Do You Still Have Hope For the United States?

I don’t think this is accurate. You’re free to explain why you feel it is accurate because I appreciate people whose opinions don’t line up with mine offering me counterpoints, but this isn’t my experience.

For one thing (and this is very important) it is only white rural areas that vote overwhelmingly for Republicans. There are rural counties in America full of blacks, Latinos and native Americans. They have the same problems. Job losses, drug overdoses, loss of hope, out of control health care costs, etc. But the white counties vote republican and the non white counties vote Democrat. They have the exact same problems, but skin color determines which party they vote for.

Also these problems exist in the cities too. We have drug problems, unemployment, health care costs, etc to worry about too.

But the democrats at least offer policy to help. The gop does not. They offer unrealistic solutions or empty rhetoric and then govern like plutocrats.

I agree we on the left have a lot of contempt for rural conservative whites. We do. But a big part of that is because we view them as bigoted hypocrites. The problem is rural values normally are code for ‘opportunity for me, but not for thee’. Basically, according to their values, they can get married but gays can’t. They can protest injustice (like government brutality and oppression) but blacks can’t. They can get welfare but other people shouldn’t. They deserve religious freedom but Muslims and atheists do not. They want freedom and welfare, but only for themselves. They want everyone else to live in an authoritarian, dog eat dog world while they get to live in a free, safe enclave. It’s infuriating.

Throw in how dogmatic many of them are, and it’s hard to respect them.

Liberals see cracks in society and try to fix them, admittedly, with mixed results.

Conservatives see cracks in society and do their best to widen and exploit them for their own personal gain.

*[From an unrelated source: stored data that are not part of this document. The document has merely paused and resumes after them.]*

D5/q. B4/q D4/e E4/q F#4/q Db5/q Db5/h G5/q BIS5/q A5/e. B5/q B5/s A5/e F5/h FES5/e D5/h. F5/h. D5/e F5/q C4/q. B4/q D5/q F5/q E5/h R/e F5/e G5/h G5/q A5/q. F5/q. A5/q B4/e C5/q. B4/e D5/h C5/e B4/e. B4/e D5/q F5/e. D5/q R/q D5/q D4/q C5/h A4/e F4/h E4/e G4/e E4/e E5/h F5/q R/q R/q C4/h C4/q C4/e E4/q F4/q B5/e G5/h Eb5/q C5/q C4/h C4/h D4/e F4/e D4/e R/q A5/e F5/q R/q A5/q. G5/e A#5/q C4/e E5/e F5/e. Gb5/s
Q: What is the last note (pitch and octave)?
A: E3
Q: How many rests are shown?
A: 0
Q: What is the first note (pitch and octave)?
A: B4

Destruction is easier than creation.

Thanks for the constructive post.

The notion of illiberal liberals is still quite new to me - close-minded, dismissive, unquestionably morally superior, judgemental, etc. God, i probably used to be one. At least you aren’t one.

Fwiw, in understanding the new political paradigms in Europe and the US I didn’t find the old groupings at all helpful; desperate people aren’t democrats of republicans, they have no allegiances, they know all politicians fail them.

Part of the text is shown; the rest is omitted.